• Exercise goal:
Among the entries below, copy only the span from the line containing "Pre Owned Kenzo" through the line containing "3-Layer Cargo Net". Do so exactly, and skip the pictures.

• Extracted information:
>>

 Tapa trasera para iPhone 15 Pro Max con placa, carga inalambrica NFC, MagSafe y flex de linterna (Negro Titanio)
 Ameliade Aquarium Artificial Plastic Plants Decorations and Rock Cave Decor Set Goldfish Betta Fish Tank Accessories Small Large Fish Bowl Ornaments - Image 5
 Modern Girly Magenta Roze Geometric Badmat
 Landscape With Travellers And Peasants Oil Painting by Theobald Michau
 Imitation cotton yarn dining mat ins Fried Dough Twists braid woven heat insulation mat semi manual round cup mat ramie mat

<<
>>

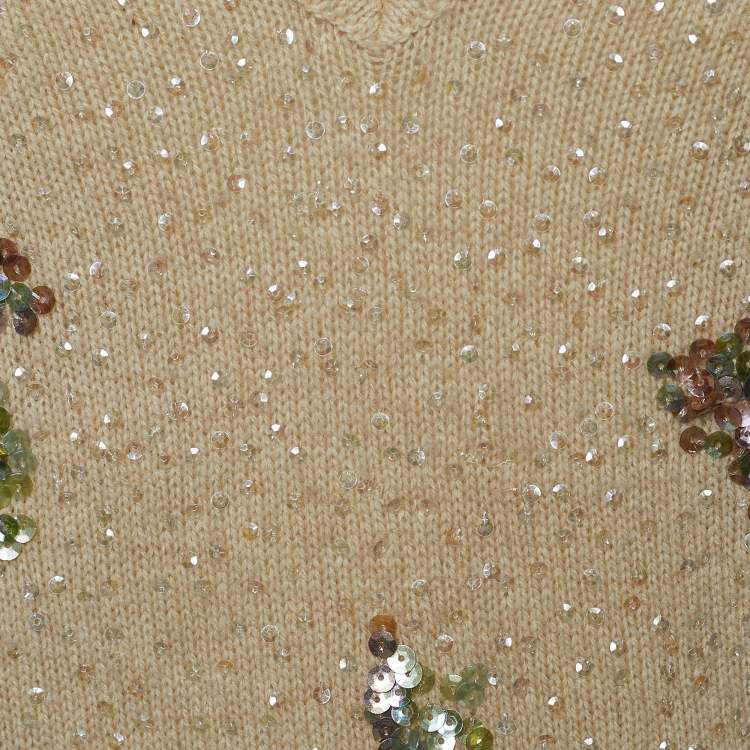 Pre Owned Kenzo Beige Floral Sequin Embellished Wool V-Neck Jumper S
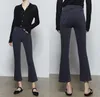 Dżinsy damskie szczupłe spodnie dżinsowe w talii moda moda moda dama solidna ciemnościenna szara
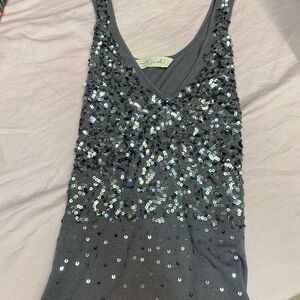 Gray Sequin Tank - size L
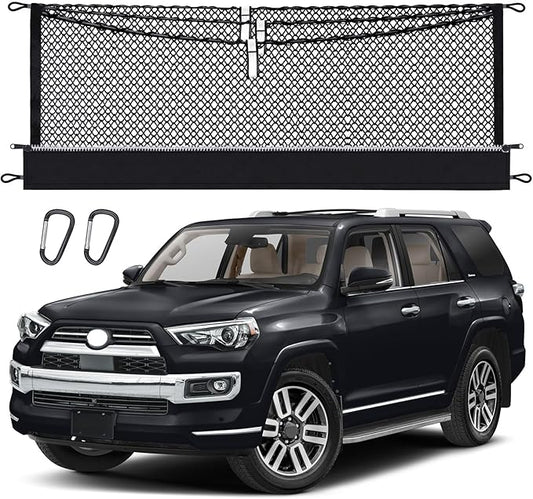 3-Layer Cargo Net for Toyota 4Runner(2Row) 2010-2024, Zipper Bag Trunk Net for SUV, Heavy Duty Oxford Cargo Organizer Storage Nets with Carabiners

<<

• Written answer:
 Pre Owned Kenzo Beige Floral Sequin Embellished Wool V-Neck Jumper S
 Dżinsy damskie szczupłe spodnie dżinsowe w talii moda moda moda dama solidna ciemnościenna szara
 Gray Sequin Tank - size L
 3-Layer Cargo Net for Toyota 4Runner(2Row) 2010-2024, Zipper Bag Trunk Net for SUV, Heavy Duty Oxford Cargo Organizer Storage Nets with Carabiners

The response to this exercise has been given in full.